Jum'at, 02 Januari 2026 21:49 WIB

Kiai Asep: Risywah di Muktamar NU Bukan Tradisi, tapi Pelanggaran Akidah


  • Jum'at, 02 Januari 2026 13:51 WIB

NAHDLIYIN.COM, Surabaya – Prof Dr KH Asep Saifuddin Chalim menegaskan bahwa praktik risywah atau suap dalam Muktamar Nahdlatul Ulama (NU) tidak boleh dianggap sebagai hal yang wajar apalagi ditoleransi. Menurutnya, anggapan bahwa risywah adalah “tradisi” justru berbahaya karena bertentangan langsung dengan ajaran Islam.

Pernyataan tegas itu disampaikan putra pendiri NU KH Abdul Chalim tersebut di hadapan para kiai saat shalat malam dan doa bersama rutin yang digelar di kediamannya, kawasan Pondok Pesantren Amanatul Ummah, Siwalankerto Utara, Surabaya, Senin (1/1/2026) malam.

“Kita tidak boleh menganggap risywah itu biasa. Kalau larangan Allah dianggap sepele dan tidak perlu ditaati, itu masalah serius dalam keimanan,” tegas Kiai Asep.

Pada kesempatan tersebut, Kiai Asep juga menggelar doa bersama dan manasik umrah sebagai badal umrah bagi para korban runtuhnya mushalla Pondok Pesantren Al Khoziny, Buduran, Sidoarjo.

Menurut pengasuh Pondok Pesantren Amanatul Ummah Surabaya dan Pacet Mojokerto itu, risywah merupakan perbuatan yang secara jelas diharamkan dalam Islam. Karena itu, ketika praktik tersebut dianggap lumrah, maka sesungguhnya telah terjadi pengabaian terhadap perintah dan larangan Allah SWT.

“Kalau sampai ada anggapan tidak perlu mematuhi larangan Allah, itu berbahaya bagi akidah. Jangan sampai kita meremehkan dosa besar,” ujarnya.

Kiai Asep juga menyinggung dugaan praktik risywah dalam Muktamar NU di Lampung tahun 2021. Ia mengaku memperoleh informasi langsung dari sejumlah ketua PCNU saat melakukan perjalanan ke Aceh menjelang pelaksanaan muktamar tersebut.
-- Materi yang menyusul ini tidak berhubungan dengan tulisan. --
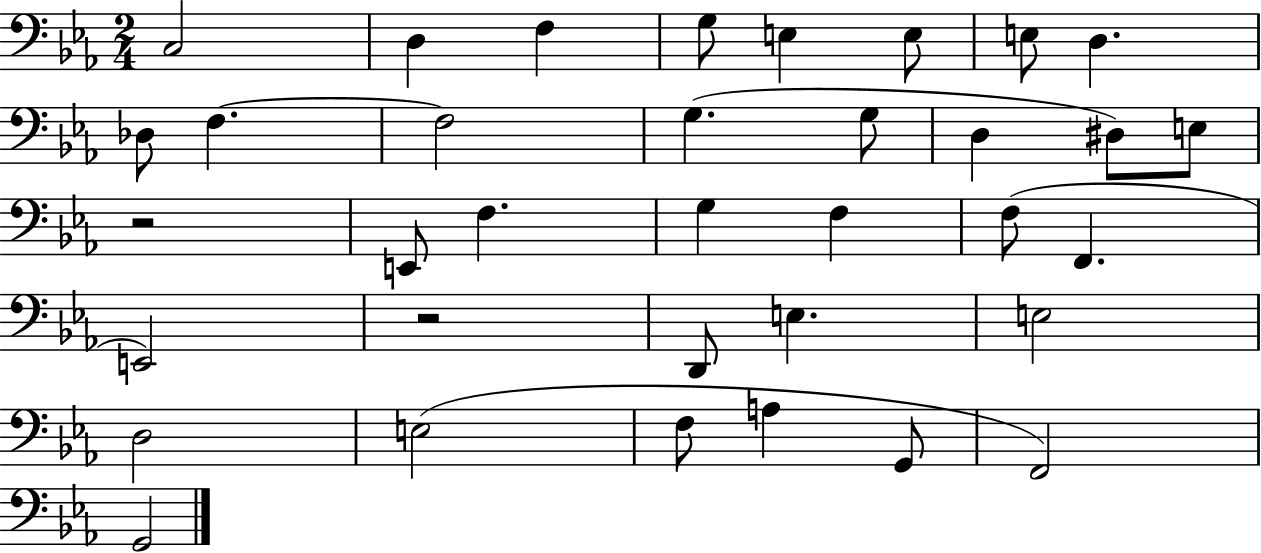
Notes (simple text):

C3/h D3/q F3/q G3/e E3/q E3/e E3/e D3/q. Db3/e F3/q. F3/h G3/q. G3/e D3/q D#3/e E3/e R/h E2/e F3/q. G3/q F3/q F3/e F2/q. E2/h R/h D2/e E3/q. E3/h D3/h E3/h F3/e A3/q G2/e F2/h G2/h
Temuan itu, lanjutnya, pernah disampaikan dalam pertemuan para kiai di Pondok Pesantren Asshodiqiyah, Semarang. Dalam forum tersebut hadir sejumlah tokoh NU, di antaranya KH Ahmad Mustofa Bisri (Gus Mus), KH Miftachul Akhyar, KH Dimyati Rois, Gus Yahya Cholil Staquf, dan KH As’ad Said Ali.

“Saya sampaikan apa adanya. Tapi dalam forum itu tidak ada respons,” ungkapnya.

Usai pertemuan, Kiai Asep mengaku sempat ditegur secara personal oleh KH Dimyati Rois agar tidak menyampaikan hal tersebut secara terbuka.

Melalui forum doa bersama itu, Ketua Umum Pimpinan Pusat Persatuan Guru Nahdlatul Ulama (Pergunu) tersebut mengajak para kiai sepuh dan tokoh NU untuk bersama-sama mengingatkan pengurus NU di semua tingkatan agar tidak menormalisasi risywah.

Menurutnya, risywah tidak hanya merusak tatanan organisasi, tetapi juga menjadi sebab munculnya berbagai bencana, baik bencana moral maupun bencana sosial.

“Kalau risywah dibiarkan, dampaknya bukan hanya pada NU, tapi juga pada kehidupan bangsa,” ujarnya.

Acara tersebut dihadiri sejumlah kiai, guru besar, dan tokoh publik, antara lain Prof Dr KH Imam Ghazali Said, Prof Dr Usep Abdul Matin, Prof Dr Zainuddin Maliki, Dr Achmad Rubaie, serta anggota DPRD Jawa Timur H Sholeh.

Menariknya, dalam acara itu juga hadir empat pelawak senior Tessy, Kirun, Kadir, dan Memet yang sowan kepada Kiai Asep. Mereka turut berbagi kisah perjalanan hidup yang penuh liku dengan gaya khas jenaka, sehingga suasana doa yang khidmat sesekali diwarnai tawa para kiai dan tamu undangan.

Meski demikian, pesan utama malam itu tetap menguat: risywah bukan budaya, melainkan penyimpangan yang harus diluruskan bersama demi menjaga marwah NU dan nilai-nilai Islam.